第5回 クレンジングの選び方

美肌づくりのポイントをプロが教えます!

美肌のススメ

 

第5回
 クレンジングの選び方

化粧水や美容液の美容効果にはとても関心があるのに、クレンジング料は「落ちの良さ」だけで選んでいませんか? しかし間違ったクレンジング料選びは肌を傷めてさまざまな肌トラブルを引き起こす原因になります。

極端な話、赤ちゃんのような弾力や水分のある美肌を維持できていれば、化粧水も美容液もクリームも必要ないかもしれません。しかし、肌にのせたメークや皮脂汚れなどはどんなに良い状態の肌でもクレンジングなしで勝手に浄化されることはありません。つまり生理機能にないケアになるので当然ダメージを伴うわけです。

美容成分で年齢とともに失われていく成分を補うことはもちろん大切ですが、クレンジング料によって日々肌にかかる負担やダメージをできるだけ少なくしてあげることも美肌を育てる上でより大切なことです。これは肌のアンチ・エイジングにもつながります。

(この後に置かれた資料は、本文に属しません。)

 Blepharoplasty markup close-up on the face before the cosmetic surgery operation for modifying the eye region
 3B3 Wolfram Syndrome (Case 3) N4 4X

クレンジング料には油汚れを浮かせるための油、水と油を混ぜて洗い流すための界面活性剤の2つが含まれています。界面活性剤は肌や体に悪いことで知られていますが、クレンジング料には欠かせない成分です。ひとくくりに界面活性剤と書きましたが、これには肌や体にやさしい植物由来のものと石油由来の合成のものがあります。後者を合成界面活性剤といい、これは人体に有害なものですがたいへん安価なため多くの化粧品に使用されています。オイル・クレンジングはよく落ちる分とても強い合成界面活性剤を含んでいることが多いため肌への負担も大きいです。

拭き取りシート・タイプは防腐剤、強いアルコールが含まれているものが多いのと、摩擦による刺激が避けられません。旅行先や急なメイク直しなど簡単に落とさなければならない時だけにしたいですね。

これらに比べ乳液タイプのクレンジング料は油分の量が多すぎず少なすぎず、使用する界面活性剤が少なく肌への負担も少ないのでやさしくメーク汚れを落せます。ですので、乳液タイプ、合成界面活性剤を使用していないもの(使用していないメーカーはたいてい記述しています)、あまりに安価でないもの、を選ぶ基準にしてください。

お肌に栄養を与えることと同じくらい、ダメージを減らすことにも気を付けましょう!

 


■山岡生香 IKUKO YAMAOKA

美容研究家・化粧品開発者。無添加化粧品アイホワイトの研究・開発と販売を日本、オーストラリアで行う。企業や雑誌への美容指導、執筆、個人へのスキンケア指導なども幅広く手掛ける。福岡県出身、シドニー在住。